Doesn’t sound like dementia to me - it just sounds mean and calculated Angry

wildhairdontcare · 19/05/2019 10:11

That is simply nasty. Some people are warped.

LizTaylorsFabulousTurban · 19/05/2019 10:22

This sounds so like my mum and her first symptoms of dementia. She gave my sister £300 for Christmas and I got £15 because "you wouldn't know what to spend it on". She's always been less than generous and sometimes the first signs of dementia are exaggerated personality traits. She also became obsessed with those catalogues that come through the door and would order stuff that sat unused and unopened.
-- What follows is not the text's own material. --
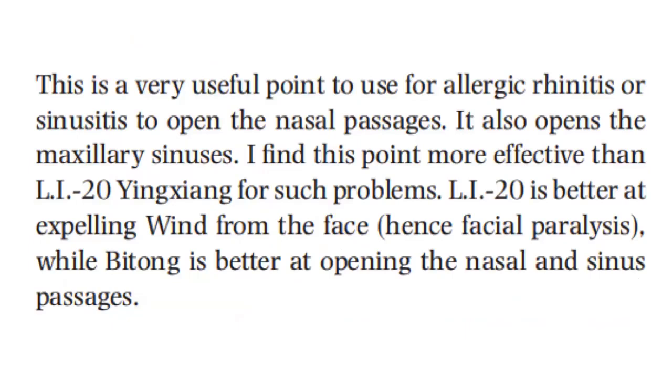This point is very useful for allergic rhinitis or sinusitis to open the nasal passages. It also opens the maxillary sinuses. This point is more effective than LI-20 for such problems. LI-20 is better at expelling wind from the face, hence in facial paralysis, while titong is better at opening the nasal and sinus passages.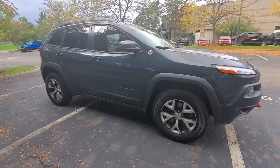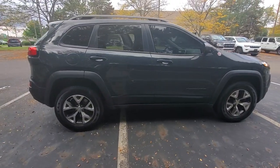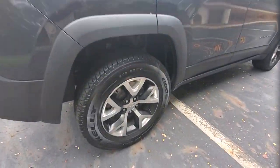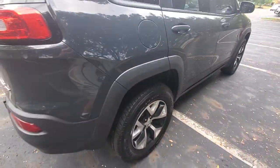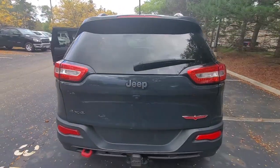Introducing the 2016 Jeep Cherokee. This vehicle is an outstanding buy with fewer than 60,000 miles on the odometer. Explore your world with confidence in the Cherokee. Its premium features keep you comfortable while its rugged capability takes you wherever the road or trail leads.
Horsemenoftheaclopalypse · 19/05/2019 10:50

Shocking stuff. That’s a really sad update OP.

I think NC is the way to go unfortunately 😞

JaneEyre07 · 19/05/2019 16:46

That's really upsetting that she said such awful things to you OP.

I think you've done the right thing to back off. She sounds absolutely batshit frankly, and no one needs that crap in their life Flowers

Yogagirl123 · 19/05/2019 16:51

Say wonderful, thank you MIL, so kind, get DH to take straight to a charity shop, he will soon get fed up with it and will tell his mum, no more thanks.

Yogagirl123 · 19/05/2019 16:53

Cross post, didn’t see your update! But yes definitely for your DH to deal with.

Babooamoo · 19/05/2019 21:26

Thanks you again everyone. We feel like this is the best decision for us at this moment.

Regarding our finances we have never been in debt but are saving for a decent morgage at the moment which she could never understand how her other children could afford their own homes in their 20s and 30s back in the 80's so we must be struggling and it's our own faults. However if you ask about her grandchildren that are the same age it's not their fault that everything has changed so much since back then.

And about OH's upbringing I feel disgusted as he just revealed the extent of it, from physical, verbal, and what he deemed the most damaging, psychological abuse he suffered from her. He said he remembers clearly giving her a picture he drew for her and she proceeded to tear it up, scream how stupid it and him were and hit him until he cried and then would try to comfort him before repeating. She said repeatedly she never wanted children and OH made her start over again.

He understands now that he both fears her and feels dependent on her and needs to work on improving this. Had I known I wouldn't have put so much effort into trying to form a relationship with her and putting up with her behaviour for so long so atleast I have a clean conscience over what has happened over the past few days and will have no regrets moving forwards. On the plus side as horrible as MIL has been my family has been more than supportive and understanding and really just how family should be to each other.

OP posts:
Coronapop · 19/05/2019 21:34

Very sorry to hear the outcome but at least now you know her attitude for sure and can refuse any other 'gifts' or contact without guilt. The story about your DH's drawing was painful to read, NC is more than justified.

redexpat · 19/05/2019 22:01

Oh goodness! Get your dh the susan forward book toxic parents.